## Extracted data
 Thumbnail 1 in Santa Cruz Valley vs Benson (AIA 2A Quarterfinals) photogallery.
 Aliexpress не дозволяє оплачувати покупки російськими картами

...

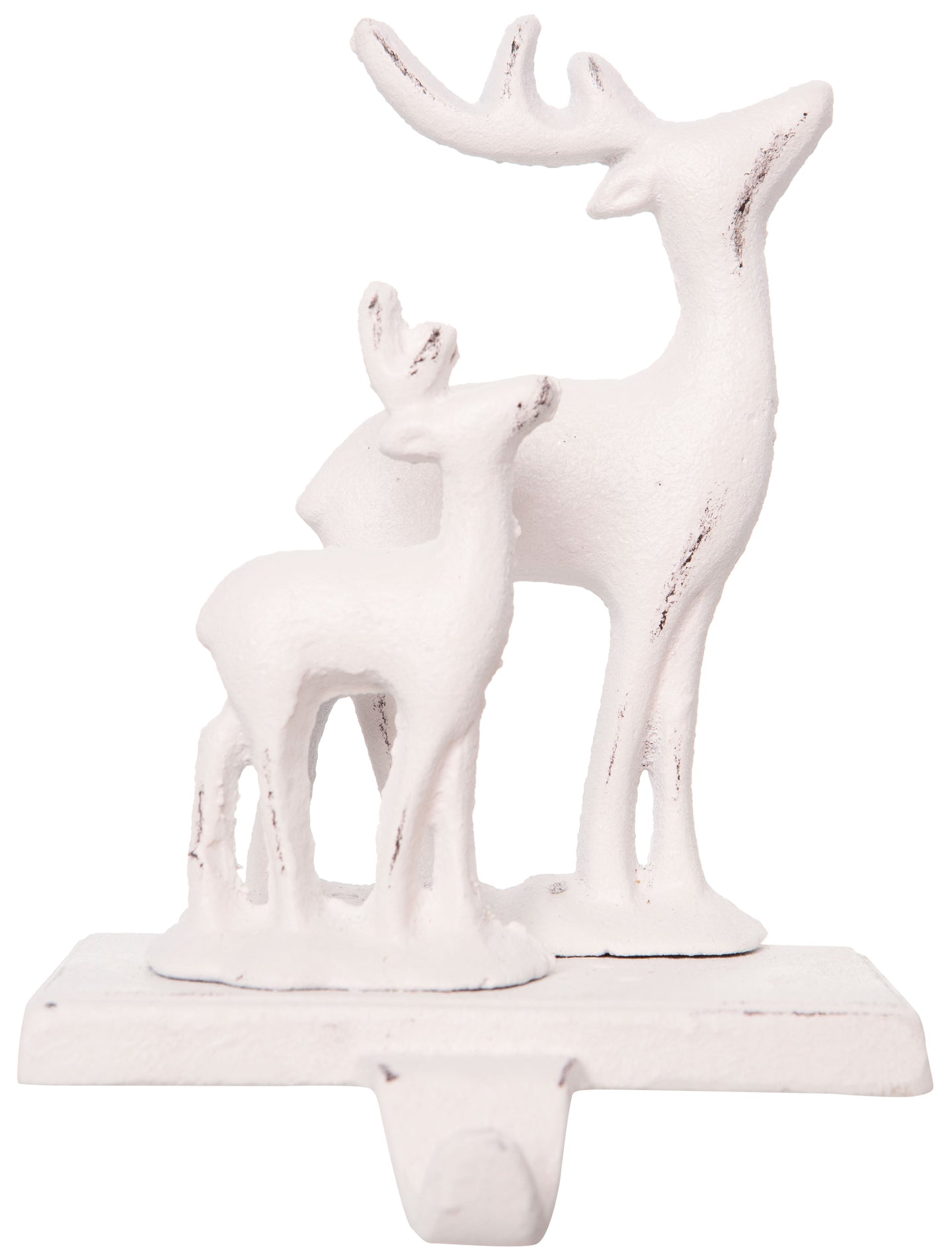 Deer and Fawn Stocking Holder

## Aim of the exercise
Starting with the line with "Thumbnail 1 in" above and going on through the line with "Aliexpress не дозволяє", transcribe every line exactly, both ends included, and add nothing.

## Exercise output
 Thumbnail 1 in Santa Cruz Valley vs Benson (AIA 2A Quarterfinals) photogallery.
 Aliexpress не дозволяє оплачувати покупки російськими картами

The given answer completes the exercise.